— Problem to solve —
Begin the copy at the line that contains "Rapat Koordinasi Percepatan", end it at the last line of the entries below, keep every word exact, and include no pictures.

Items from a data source

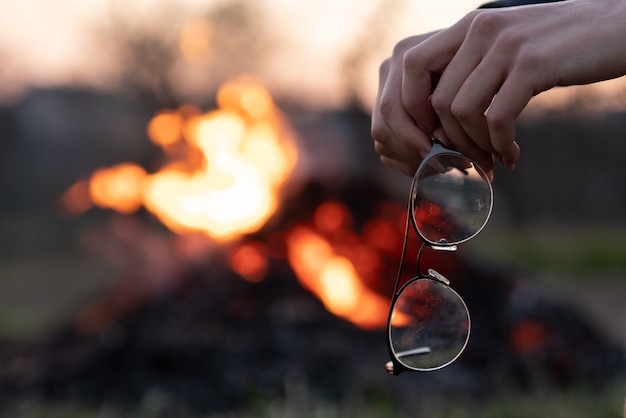 Photo female hands holding glasses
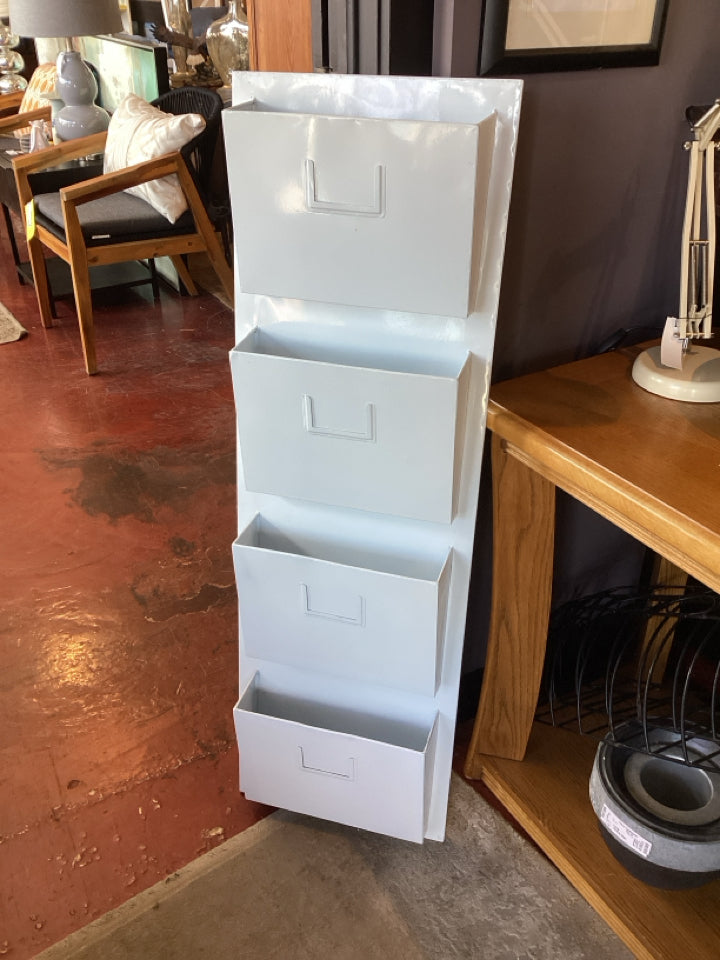 Hanging Metal White Organizer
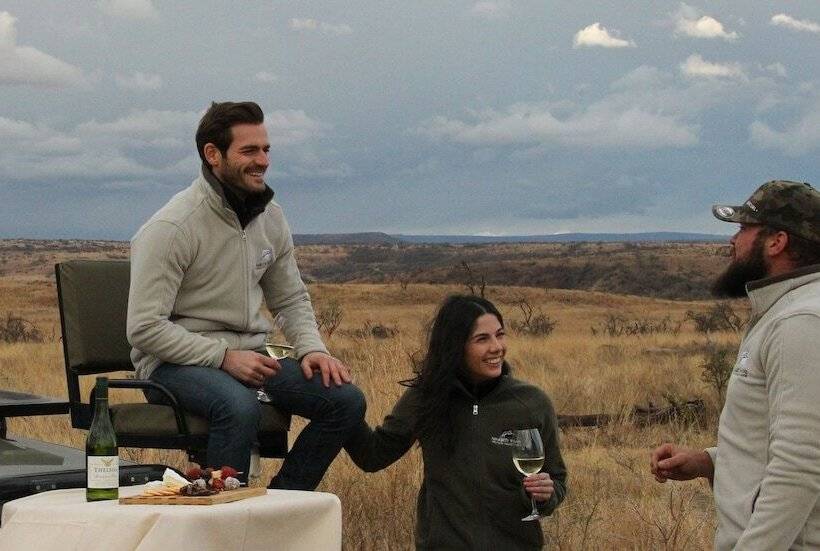 Отель Nambiti Plains Private Game Lodge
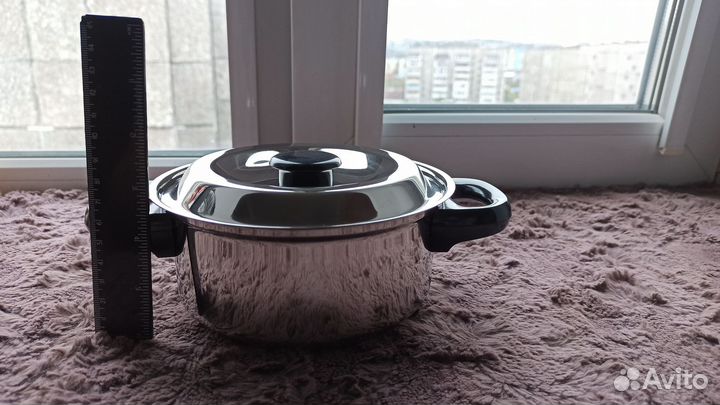 Кастрюля из нержавеющей стали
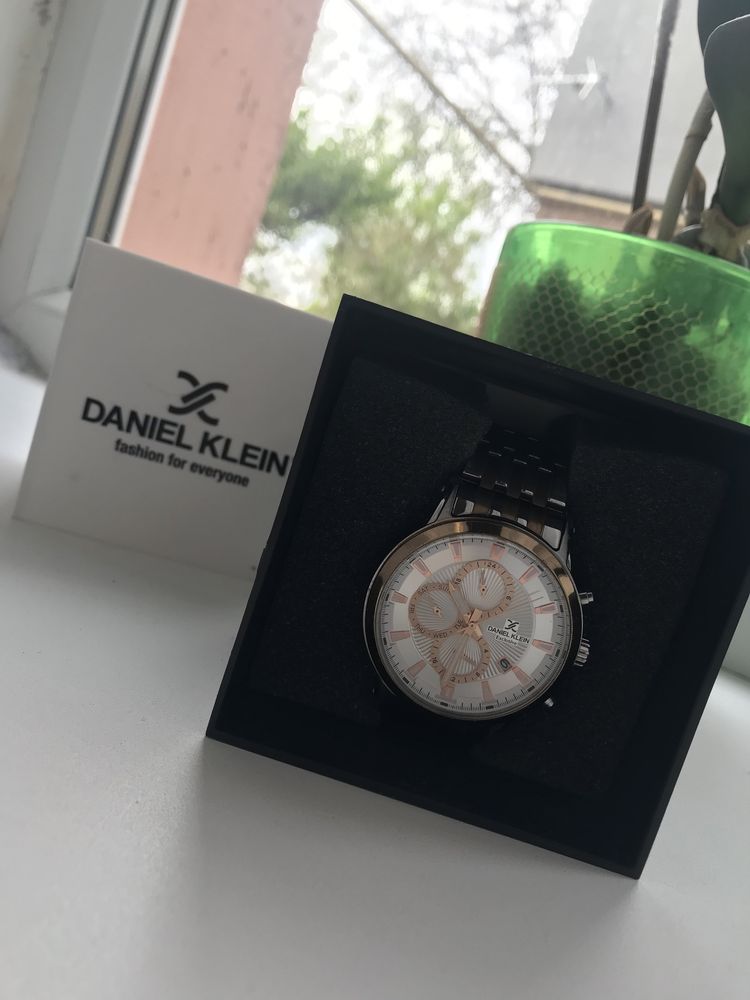 Продам годинник унісекс Daniel Klein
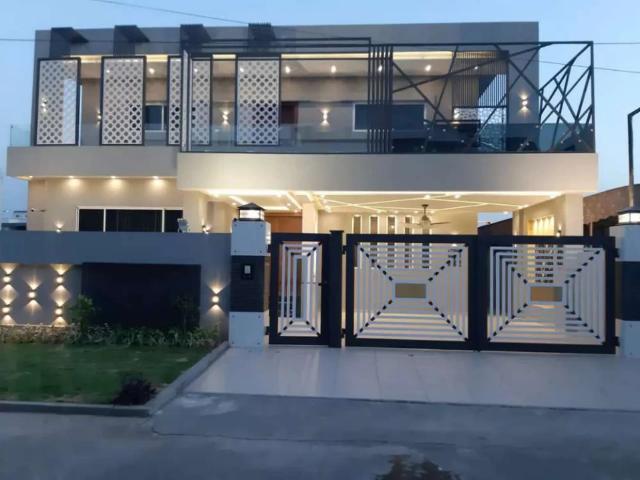 Extremely beautiful house in DC colony gujranwala ID 03099
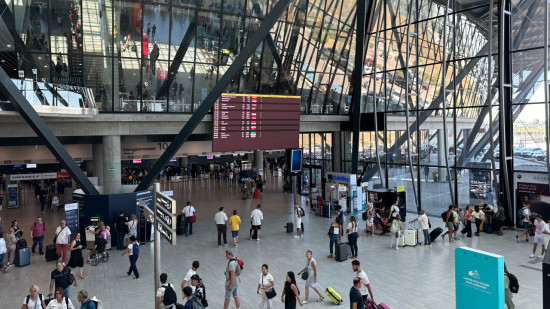 Gendarme percuté à Saint-Égrève : le suspect arrêté à l’aéroport avant de partir en vacances Gendarme percuté à Saint-Égrève : le suspect arrêté à l’aéroport avant de partir en vacances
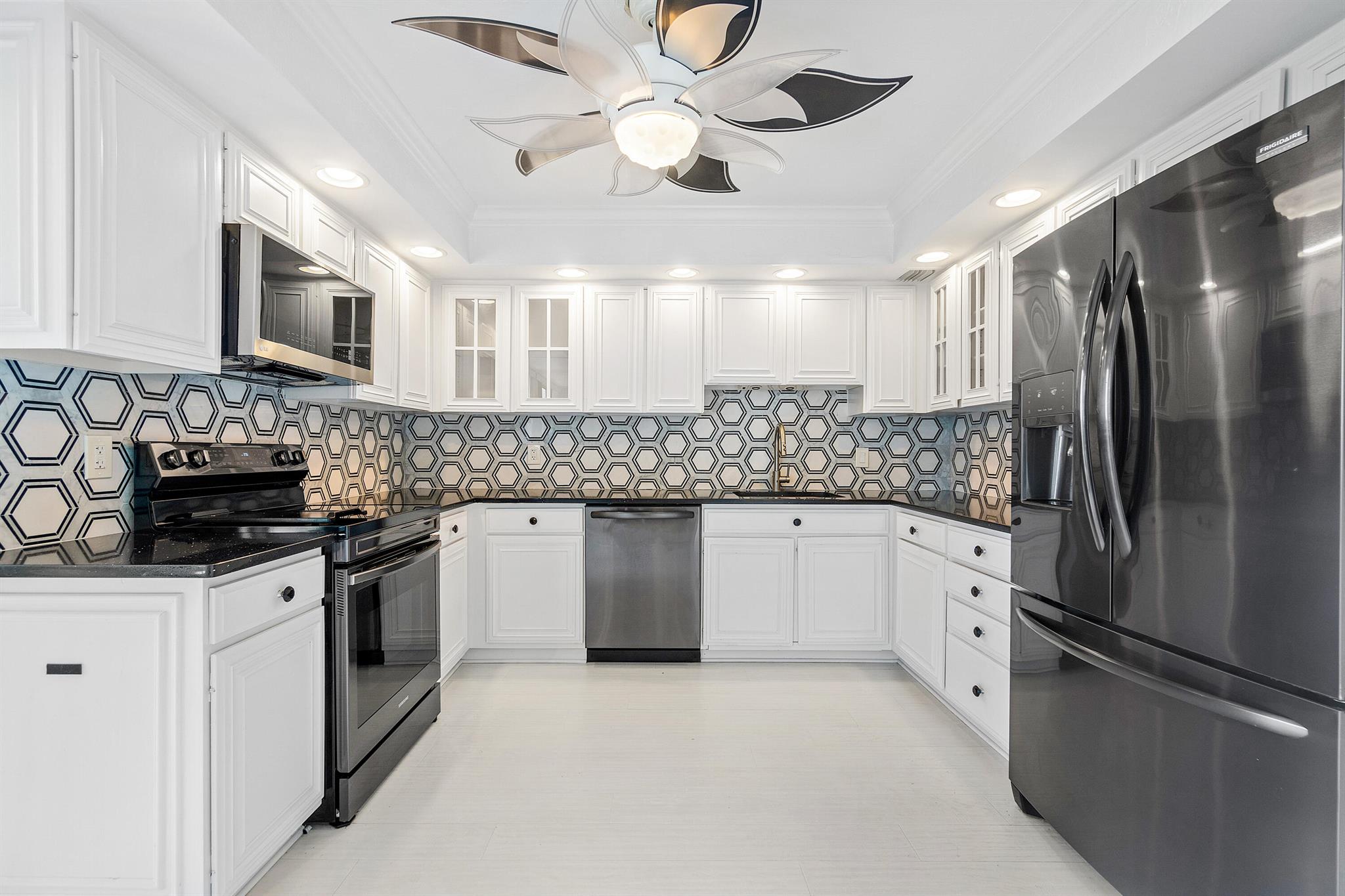 2220 S Ocean Boulevard 802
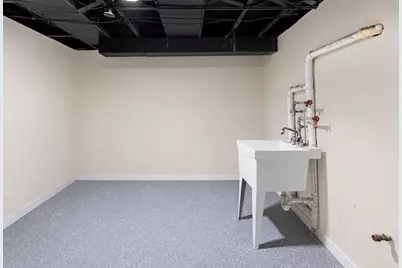 3809 N 15th St, Milwaukee, WI 53206 - Photo 32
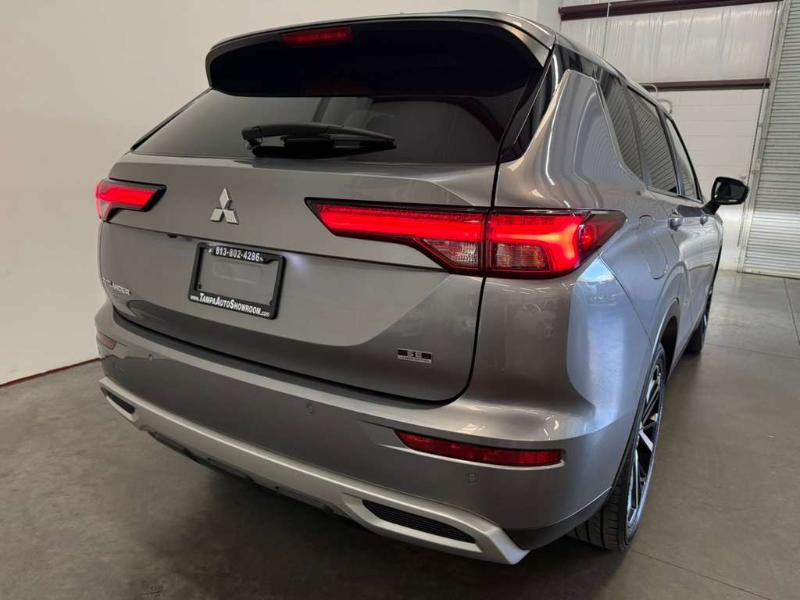 Mitsubishi Outlander  2022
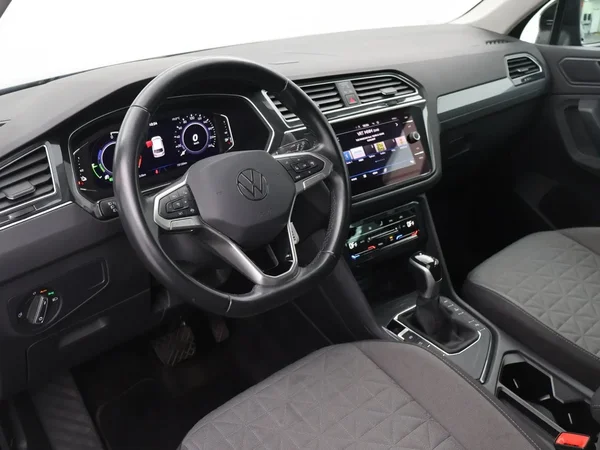 Volkswagen Tiguan (2022) — foto 26 van 27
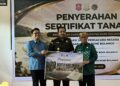 Rapat Koordinasi Percepatan Sertifikasi Aset Tanah yang dirangkaikan dengan penyerahan sertifikat tanah milik Pemerintah Daerah Bone Bolango di Kantor Pengacara Negara Kejaksaan Negeri Bone Bolango, Kamis (3/9/2026). (F. Lanto/Prokopim)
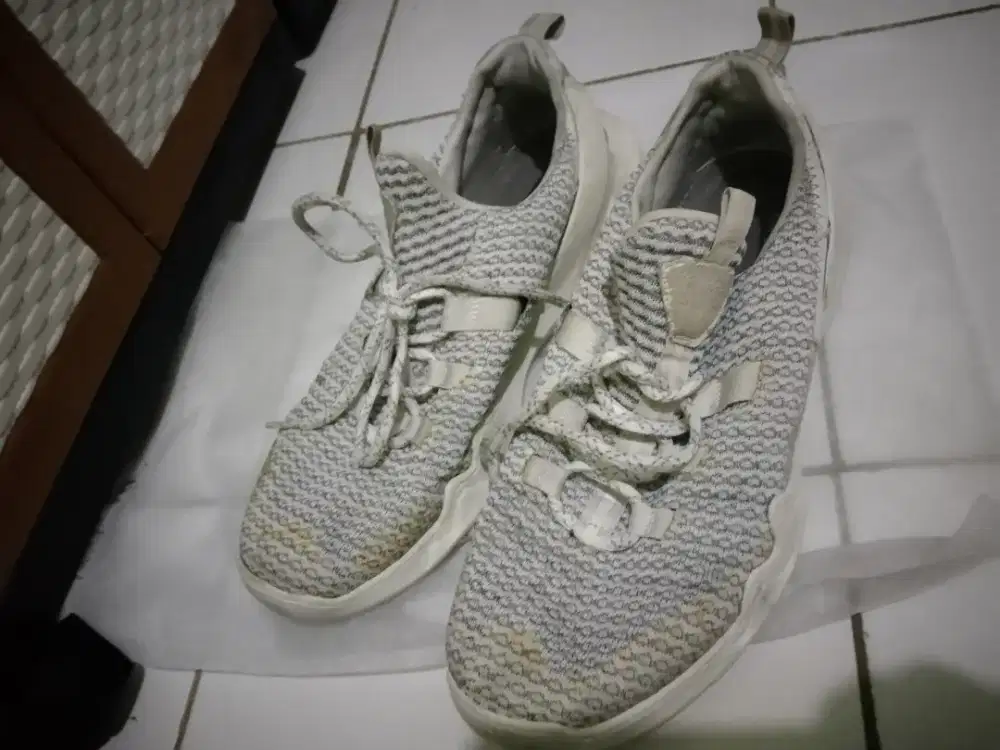 Sepatu 100k Putih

— Exercise answer —
 Rapat Koordinasi Percepatan Sertifikasi Aset Tanah yang dirangkaikan dengan penyerahan sertifikat tanah milik Pemerintah Daerah Bone Bolango di Kantor Pengacara Negara Kejaksaan Negeri Bone Bolango, Kamis (3/9/2026). (F. Lanto/Prokopim)
 Sepatu 100k Putih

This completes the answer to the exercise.